-- Opening Marker --

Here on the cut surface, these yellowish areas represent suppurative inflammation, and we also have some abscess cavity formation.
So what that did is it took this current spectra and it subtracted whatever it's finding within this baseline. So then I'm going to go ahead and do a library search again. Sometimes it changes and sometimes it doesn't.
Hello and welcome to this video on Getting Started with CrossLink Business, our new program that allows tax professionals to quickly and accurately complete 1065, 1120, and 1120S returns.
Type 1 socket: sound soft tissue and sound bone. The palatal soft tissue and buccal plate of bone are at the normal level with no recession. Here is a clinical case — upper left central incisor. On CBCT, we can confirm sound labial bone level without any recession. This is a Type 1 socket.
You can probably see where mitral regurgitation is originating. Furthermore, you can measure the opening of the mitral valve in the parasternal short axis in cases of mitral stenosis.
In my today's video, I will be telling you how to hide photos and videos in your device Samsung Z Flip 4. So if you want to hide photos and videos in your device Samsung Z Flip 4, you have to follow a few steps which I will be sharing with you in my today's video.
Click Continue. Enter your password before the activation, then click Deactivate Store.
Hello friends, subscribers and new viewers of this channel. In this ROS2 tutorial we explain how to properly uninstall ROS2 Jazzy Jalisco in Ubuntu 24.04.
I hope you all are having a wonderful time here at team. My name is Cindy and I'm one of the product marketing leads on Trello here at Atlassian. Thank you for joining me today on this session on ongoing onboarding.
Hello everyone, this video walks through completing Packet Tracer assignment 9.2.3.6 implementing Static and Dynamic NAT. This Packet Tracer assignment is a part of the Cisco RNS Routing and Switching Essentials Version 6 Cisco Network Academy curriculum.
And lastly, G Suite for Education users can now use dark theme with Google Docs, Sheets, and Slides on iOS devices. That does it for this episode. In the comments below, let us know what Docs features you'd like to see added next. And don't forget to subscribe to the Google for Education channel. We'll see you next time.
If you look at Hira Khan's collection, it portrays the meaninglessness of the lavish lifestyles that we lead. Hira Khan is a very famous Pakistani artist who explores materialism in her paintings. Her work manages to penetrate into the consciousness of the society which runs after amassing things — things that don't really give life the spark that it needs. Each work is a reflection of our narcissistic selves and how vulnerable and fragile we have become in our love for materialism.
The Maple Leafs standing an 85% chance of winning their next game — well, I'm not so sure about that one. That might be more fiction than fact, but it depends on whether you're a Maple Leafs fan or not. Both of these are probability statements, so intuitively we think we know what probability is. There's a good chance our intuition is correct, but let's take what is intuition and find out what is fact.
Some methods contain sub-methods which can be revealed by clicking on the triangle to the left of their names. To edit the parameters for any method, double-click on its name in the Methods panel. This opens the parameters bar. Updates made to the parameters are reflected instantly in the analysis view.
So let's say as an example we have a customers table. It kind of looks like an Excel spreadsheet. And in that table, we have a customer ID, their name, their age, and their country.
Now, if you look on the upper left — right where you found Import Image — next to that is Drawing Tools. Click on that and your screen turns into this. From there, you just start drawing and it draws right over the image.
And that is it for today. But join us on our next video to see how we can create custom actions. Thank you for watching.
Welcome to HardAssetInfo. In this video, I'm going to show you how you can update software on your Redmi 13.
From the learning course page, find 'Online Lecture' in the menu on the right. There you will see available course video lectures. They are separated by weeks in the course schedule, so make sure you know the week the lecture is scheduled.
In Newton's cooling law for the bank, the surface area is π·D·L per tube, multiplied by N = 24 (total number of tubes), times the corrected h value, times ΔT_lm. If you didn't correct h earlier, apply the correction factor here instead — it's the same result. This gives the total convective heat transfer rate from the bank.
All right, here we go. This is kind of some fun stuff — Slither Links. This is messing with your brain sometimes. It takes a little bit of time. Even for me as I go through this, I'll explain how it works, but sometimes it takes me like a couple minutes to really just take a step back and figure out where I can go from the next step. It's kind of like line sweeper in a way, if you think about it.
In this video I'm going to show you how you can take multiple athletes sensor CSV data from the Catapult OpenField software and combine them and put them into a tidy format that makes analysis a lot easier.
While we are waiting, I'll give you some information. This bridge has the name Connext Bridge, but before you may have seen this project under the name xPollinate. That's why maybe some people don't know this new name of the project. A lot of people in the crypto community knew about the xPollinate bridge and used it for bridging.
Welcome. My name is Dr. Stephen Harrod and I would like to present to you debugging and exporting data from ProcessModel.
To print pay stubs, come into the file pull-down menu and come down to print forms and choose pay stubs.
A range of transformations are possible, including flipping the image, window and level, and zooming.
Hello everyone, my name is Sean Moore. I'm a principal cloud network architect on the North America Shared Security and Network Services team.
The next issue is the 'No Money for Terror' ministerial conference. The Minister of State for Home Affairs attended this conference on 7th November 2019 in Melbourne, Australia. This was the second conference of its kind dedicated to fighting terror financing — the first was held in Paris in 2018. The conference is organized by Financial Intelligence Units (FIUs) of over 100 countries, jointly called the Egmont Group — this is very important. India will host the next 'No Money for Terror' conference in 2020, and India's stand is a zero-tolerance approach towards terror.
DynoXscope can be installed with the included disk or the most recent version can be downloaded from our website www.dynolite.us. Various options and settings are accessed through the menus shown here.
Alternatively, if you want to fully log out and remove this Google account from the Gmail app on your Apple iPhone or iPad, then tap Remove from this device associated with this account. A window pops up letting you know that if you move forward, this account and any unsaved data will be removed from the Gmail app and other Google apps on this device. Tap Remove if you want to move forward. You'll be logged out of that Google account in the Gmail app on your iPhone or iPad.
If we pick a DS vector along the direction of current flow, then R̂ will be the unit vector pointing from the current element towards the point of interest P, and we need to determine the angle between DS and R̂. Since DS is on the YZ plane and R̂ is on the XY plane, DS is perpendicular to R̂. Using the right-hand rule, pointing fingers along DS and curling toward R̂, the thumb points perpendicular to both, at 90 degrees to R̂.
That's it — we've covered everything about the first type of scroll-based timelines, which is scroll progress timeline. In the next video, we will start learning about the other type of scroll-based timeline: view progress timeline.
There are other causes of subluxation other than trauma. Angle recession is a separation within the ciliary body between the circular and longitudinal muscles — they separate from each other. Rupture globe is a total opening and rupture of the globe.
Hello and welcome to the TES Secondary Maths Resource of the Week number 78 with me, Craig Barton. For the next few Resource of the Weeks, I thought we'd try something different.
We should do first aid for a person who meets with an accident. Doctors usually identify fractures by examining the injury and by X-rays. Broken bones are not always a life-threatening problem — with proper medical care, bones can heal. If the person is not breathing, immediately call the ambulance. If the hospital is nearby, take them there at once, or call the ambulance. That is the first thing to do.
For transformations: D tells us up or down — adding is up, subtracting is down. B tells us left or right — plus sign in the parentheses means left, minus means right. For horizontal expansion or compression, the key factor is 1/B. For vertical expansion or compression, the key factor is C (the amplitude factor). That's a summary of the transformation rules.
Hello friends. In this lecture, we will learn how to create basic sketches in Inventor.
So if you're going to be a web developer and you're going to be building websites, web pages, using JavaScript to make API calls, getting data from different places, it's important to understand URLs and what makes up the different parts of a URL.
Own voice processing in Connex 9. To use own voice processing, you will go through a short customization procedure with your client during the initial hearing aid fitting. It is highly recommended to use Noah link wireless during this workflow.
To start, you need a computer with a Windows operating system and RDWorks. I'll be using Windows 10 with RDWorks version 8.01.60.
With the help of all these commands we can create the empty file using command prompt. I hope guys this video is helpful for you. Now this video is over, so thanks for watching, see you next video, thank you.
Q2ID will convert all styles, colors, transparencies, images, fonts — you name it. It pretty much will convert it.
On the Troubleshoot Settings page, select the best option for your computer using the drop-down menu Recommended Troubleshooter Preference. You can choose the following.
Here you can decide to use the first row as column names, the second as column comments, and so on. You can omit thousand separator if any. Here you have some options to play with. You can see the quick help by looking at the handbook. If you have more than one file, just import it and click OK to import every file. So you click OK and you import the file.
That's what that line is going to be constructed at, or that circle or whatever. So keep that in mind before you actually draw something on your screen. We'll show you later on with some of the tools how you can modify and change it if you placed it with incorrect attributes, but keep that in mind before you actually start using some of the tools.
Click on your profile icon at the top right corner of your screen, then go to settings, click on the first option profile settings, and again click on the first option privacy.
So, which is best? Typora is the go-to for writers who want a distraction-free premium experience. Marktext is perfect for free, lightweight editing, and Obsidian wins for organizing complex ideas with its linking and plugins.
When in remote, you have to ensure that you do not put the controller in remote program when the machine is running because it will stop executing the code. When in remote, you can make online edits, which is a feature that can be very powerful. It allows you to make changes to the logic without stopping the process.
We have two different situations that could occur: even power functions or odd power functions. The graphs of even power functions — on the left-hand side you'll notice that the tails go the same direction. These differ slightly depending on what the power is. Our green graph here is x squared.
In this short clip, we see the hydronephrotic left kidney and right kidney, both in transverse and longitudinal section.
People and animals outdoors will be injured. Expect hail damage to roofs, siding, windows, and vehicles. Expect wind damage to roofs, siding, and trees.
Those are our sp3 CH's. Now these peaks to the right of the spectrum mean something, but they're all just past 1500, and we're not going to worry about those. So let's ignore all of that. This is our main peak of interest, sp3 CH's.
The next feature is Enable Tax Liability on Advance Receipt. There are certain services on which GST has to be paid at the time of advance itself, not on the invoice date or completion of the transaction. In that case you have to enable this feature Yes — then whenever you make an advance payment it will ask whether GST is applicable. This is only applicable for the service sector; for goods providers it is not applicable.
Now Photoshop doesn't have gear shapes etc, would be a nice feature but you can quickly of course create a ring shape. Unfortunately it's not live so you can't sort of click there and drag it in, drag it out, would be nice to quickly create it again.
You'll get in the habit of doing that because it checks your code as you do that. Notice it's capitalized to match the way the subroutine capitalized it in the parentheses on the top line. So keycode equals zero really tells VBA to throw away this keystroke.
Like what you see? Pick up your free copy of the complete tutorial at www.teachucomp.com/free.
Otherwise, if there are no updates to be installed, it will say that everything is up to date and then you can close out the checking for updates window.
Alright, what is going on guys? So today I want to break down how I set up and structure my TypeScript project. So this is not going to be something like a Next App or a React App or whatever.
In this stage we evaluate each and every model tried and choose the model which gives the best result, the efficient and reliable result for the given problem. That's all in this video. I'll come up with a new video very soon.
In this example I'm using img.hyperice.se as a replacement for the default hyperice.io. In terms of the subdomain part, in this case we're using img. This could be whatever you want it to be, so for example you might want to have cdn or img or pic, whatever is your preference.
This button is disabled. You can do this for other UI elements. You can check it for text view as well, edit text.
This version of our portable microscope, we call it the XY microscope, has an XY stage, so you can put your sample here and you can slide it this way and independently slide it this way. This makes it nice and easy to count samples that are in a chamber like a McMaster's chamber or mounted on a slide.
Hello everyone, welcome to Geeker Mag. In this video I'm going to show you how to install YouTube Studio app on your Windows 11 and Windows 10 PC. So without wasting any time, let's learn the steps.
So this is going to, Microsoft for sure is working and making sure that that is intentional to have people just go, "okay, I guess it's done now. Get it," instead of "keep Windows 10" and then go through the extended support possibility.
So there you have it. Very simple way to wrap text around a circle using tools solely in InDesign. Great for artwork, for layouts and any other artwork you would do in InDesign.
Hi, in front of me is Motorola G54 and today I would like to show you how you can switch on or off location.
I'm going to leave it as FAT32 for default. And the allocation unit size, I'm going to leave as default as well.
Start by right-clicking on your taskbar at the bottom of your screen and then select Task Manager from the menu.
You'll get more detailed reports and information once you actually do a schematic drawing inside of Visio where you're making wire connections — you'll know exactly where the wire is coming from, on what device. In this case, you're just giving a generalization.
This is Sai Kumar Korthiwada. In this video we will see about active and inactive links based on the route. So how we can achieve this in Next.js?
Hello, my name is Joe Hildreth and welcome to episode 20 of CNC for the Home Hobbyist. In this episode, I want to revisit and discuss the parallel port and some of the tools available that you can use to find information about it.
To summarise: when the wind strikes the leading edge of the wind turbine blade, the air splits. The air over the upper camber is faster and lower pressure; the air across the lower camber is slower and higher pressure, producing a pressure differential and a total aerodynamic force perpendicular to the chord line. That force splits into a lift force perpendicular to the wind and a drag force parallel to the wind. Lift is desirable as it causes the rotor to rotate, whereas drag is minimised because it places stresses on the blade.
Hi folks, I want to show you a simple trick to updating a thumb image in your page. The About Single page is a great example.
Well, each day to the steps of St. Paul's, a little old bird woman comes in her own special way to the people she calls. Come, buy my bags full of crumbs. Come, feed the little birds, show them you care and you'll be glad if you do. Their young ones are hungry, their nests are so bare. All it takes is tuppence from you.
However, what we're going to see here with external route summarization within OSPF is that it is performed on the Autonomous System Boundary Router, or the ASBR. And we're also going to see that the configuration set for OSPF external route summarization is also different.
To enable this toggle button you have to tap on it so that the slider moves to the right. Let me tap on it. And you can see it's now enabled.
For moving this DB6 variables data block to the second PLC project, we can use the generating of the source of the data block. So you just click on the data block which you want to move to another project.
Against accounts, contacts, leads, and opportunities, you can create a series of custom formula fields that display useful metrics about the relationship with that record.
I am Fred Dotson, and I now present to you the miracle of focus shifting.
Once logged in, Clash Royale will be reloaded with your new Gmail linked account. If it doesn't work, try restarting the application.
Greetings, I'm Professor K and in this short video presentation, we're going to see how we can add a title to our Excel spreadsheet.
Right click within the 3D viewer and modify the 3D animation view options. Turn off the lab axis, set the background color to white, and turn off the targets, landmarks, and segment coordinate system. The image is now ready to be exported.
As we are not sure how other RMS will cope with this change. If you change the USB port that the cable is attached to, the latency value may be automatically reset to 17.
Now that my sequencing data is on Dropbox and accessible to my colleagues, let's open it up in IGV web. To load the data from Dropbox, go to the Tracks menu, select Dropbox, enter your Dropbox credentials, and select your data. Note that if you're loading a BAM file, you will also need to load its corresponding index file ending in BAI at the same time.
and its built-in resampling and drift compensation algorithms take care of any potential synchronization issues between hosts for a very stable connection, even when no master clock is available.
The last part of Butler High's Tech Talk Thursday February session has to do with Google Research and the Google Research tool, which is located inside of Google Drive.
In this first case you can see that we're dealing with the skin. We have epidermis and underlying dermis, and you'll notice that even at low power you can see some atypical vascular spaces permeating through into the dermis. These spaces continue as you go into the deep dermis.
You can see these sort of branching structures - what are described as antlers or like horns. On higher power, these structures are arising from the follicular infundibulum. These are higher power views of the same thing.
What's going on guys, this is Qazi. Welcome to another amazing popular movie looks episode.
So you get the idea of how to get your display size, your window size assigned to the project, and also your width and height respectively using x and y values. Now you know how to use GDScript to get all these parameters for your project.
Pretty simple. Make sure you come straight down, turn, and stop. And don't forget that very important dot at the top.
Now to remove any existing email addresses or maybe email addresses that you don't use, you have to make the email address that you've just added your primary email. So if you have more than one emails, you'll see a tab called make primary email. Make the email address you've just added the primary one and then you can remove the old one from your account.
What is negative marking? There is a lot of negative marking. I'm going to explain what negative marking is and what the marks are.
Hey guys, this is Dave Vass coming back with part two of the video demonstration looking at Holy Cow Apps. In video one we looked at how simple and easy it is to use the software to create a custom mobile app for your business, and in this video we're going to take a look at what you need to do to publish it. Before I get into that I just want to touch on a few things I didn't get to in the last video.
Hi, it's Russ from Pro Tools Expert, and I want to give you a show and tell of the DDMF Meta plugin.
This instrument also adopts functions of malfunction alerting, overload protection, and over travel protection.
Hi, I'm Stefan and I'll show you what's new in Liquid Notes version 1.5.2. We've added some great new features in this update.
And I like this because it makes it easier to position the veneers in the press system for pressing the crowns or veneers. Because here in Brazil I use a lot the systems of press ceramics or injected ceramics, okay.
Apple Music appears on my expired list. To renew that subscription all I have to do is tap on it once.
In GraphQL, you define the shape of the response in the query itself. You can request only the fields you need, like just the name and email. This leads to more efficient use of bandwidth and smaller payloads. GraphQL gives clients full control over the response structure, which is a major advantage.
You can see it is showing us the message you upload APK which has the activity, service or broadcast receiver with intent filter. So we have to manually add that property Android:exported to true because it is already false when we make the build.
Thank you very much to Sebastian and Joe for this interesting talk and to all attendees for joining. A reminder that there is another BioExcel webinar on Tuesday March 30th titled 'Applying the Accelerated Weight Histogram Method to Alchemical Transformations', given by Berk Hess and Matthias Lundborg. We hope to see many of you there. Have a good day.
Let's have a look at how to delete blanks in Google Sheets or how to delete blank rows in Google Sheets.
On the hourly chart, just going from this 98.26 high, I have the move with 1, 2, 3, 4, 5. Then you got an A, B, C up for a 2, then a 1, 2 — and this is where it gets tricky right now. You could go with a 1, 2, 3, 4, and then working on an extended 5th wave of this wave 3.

-- Closing Marker --

Begin with the top line of the material and go as far as the line with "Type 1 socket: sound". Set down those lines exactly, both ends included, and nothing more.

**Solution to this exercise**
Here on the cut surface, these yellowish areas represent suppurative inflammation, and we also have some abscess cavity formation.
So what that did is it took this current spectra and it subtracted whatever it's finding within this baseline. So then I'm going to go ahead and do a library search again. Sometimes it changes and sometimes it doesn't.
Hello and welcome to this video on Getting Started with CrossLink Business, our new program that allows tax professionals to quickly and accurately complete 1065, 1120, and 1120S returns.
Type 1 socket: sound soft tissue and sound bone. The palatal soft tissue and buccal plate of bone are at the normal level with no recession. Here is a clinical case — upper left central incisor. On CBCT, we can confirm sound labial bone level without any recession. This is a Type 1 socket.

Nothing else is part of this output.